◆ ABOUT THIS TASK
Copy exactly, and only, the lines from the one containing "Karta som visar" through the last line of the records below.

◆ PROVIDED DATA
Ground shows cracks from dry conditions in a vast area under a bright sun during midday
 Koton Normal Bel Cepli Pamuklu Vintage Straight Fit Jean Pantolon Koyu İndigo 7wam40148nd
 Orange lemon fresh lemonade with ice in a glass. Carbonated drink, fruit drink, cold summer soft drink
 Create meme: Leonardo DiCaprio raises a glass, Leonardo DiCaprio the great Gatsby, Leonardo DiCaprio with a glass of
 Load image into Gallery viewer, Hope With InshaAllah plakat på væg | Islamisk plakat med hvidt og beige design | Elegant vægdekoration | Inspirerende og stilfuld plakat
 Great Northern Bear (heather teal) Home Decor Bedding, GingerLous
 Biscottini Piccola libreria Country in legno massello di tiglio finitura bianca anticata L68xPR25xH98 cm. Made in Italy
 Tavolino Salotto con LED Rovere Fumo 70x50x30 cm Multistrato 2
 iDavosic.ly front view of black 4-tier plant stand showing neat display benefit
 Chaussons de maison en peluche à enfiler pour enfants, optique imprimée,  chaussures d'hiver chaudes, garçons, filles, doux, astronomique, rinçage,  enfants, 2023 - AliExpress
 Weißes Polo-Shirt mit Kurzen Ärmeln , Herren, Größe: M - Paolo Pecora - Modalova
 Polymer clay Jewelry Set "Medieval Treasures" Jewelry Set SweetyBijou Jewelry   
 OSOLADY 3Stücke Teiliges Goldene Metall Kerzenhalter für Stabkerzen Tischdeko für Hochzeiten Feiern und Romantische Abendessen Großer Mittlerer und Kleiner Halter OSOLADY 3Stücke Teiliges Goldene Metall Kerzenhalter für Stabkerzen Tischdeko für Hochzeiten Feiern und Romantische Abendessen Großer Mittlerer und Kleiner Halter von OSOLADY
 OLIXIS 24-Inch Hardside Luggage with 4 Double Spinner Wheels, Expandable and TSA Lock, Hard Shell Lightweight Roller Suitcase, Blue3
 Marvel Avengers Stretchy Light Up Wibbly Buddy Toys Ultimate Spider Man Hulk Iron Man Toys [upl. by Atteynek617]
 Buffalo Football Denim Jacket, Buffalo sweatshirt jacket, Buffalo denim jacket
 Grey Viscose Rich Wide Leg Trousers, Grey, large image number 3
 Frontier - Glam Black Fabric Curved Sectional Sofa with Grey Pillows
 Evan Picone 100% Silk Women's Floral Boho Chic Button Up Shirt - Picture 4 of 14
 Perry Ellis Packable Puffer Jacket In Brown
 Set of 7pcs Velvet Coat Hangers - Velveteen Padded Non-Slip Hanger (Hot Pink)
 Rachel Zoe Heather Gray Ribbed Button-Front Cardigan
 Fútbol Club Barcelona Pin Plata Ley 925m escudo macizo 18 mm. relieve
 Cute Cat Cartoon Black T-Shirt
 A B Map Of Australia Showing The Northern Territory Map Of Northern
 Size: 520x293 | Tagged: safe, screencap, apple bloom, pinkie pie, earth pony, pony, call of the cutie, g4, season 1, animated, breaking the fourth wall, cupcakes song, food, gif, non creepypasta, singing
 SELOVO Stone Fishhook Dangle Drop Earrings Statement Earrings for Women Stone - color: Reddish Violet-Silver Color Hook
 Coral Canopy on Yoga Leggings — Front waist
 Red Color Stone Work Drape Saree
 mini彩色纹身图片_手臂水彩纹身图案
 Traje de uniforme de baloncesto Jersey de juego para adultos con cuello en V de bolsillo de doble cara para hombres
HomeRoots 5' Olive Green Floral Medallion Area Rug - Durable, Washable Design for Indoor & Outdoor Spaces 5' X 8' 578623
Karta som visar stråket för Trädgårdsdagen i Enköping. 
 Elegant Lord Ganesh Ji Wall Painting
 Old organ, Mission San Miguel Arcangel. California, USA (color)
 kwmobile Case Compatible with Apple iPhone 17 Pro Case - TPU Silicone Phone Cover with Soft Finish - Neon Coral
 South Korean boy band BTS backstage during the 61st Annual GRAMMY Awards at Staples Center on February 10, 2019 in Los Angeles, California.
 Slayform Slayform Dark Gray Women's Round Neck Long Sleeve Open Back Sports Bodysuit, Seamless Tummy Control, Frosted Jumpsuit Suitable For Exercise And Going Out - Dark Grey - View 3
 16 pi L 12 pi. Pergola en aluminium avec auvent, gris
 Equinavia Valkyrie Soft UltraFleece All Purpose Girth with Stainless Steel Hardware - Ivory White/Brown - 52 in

◆ YOUR RESPONSE
Karta som visar stråket för Trädgårdsdagen i Enköping. 
 Elegant Lord Ganesh Ji Wall Painting
 Old organ, Mission San Miguel Arcangel. California, USA (color)
 kwmobile Case Compatible with Apple iPhone 17 Pro Case - TPU Silicone Phone Cover with Soft Finish - Neon Coral
 South Korean boy band BTS backstage during the 61st Annual GRAMMY Awards at Staples Center on February 10, 2019 in Los Angeles, California.
 Slayform Slayform Dark Gray Women's Round Neck Long Sleeve Open Back Sports Bodysuit, Seamless Tummy Control, Frosted Jumpsuit Suitable For Exercise And Going Out - Dark Grey - View 3
 16 pi L 12 pi. Pergola en aluminium avec auvent, gris
 Equinavia Valkyrie Soft UltraFleece All Purpose Girth with Stainless Steel Hardware - Ivory White/Brown - 52 in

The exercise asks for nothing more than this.